Exceeding the grant period: When is there a risk of funding being reclaimed?

  • 10/21/2024
  • Reading time 7 Minutes

If funded projects are continued beyond their respective grant period, various questions arise under public grants law. One of the most pressing questions relates to the risk of funding being reclaimed. What happens if a project falls behind schedule, for example, due to delivery problems?

The typical case is characterized by delays in the planned course of the project, caused for example by delivery problems or a lengthy procurement procedure. In such cases, the entire funding amount is often called up and paid out within the set grant period, even though the parties involved were aware or should have been aware that the completion of the funded project would be delayed. In this case, it is not a question of a delayed drawdown of funding, but of a delayed use of the funds.

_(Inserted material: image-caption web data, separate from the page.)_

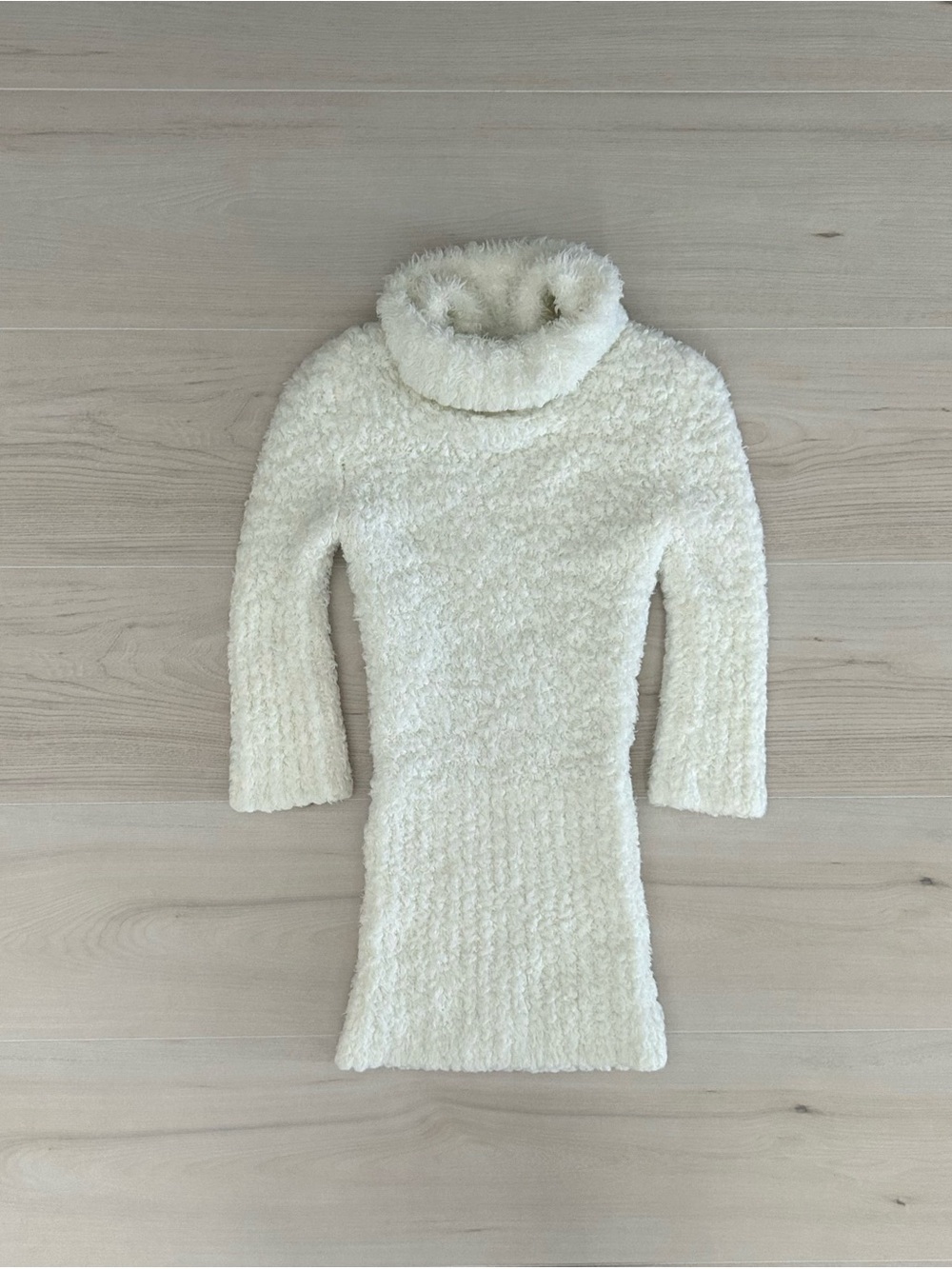 fuzzy bebe turtleneck sweater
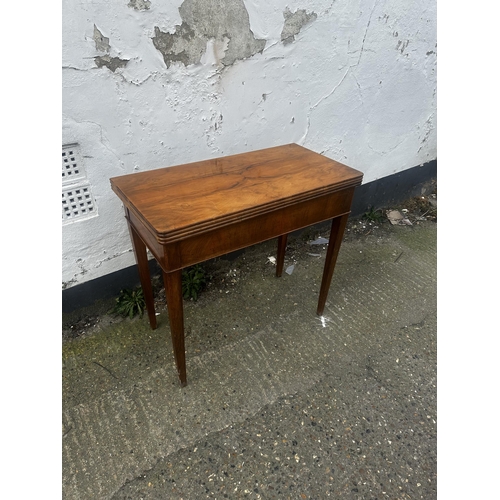 905 - Regency Mahogany Tea/Card Table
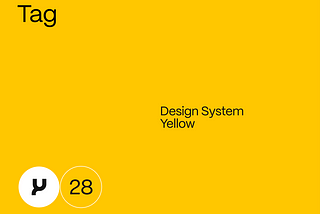 Tag. Design System • Yellow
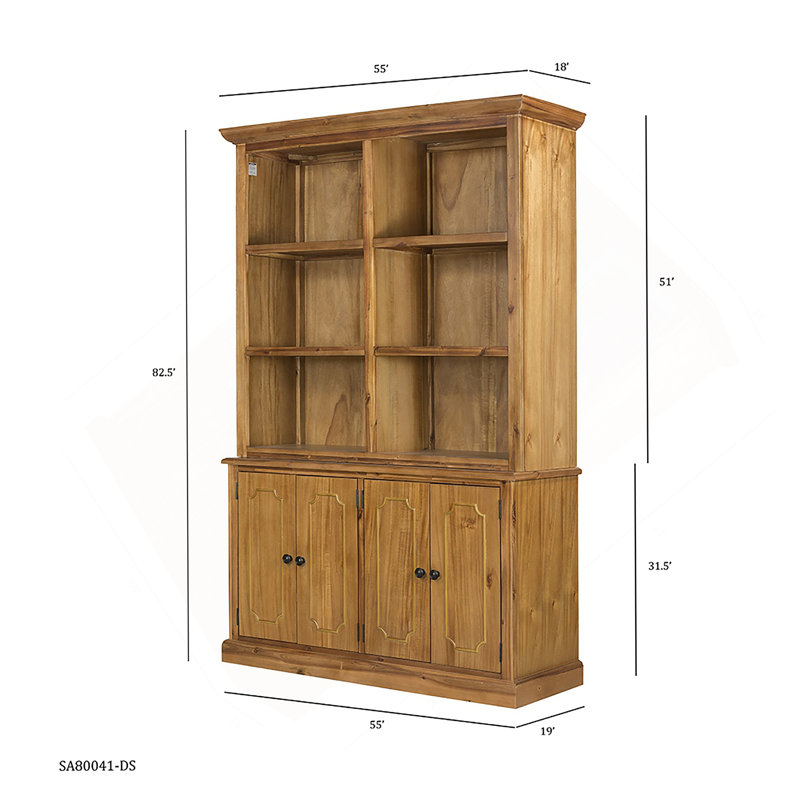 Armoire 53 x 19 x 83 po, Brun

At first glance, these cases entail a risk that the funds granted will be reclaimed due to a breach of the notice of grants.

In these cases, there are various different types of grant notices and facts. Consequently, there are various approaches to the legal classification of the funded measure’s continuation and its legal consequences. In many cases, practical and interest-oriented solutions are possible, some of which are outlined below.

Grant period

The administrative regulations for Art. 44 of the federal and state budget regulations declare the “grant period” to be a necessary content of a notice of grants, without explaining the term in more detail.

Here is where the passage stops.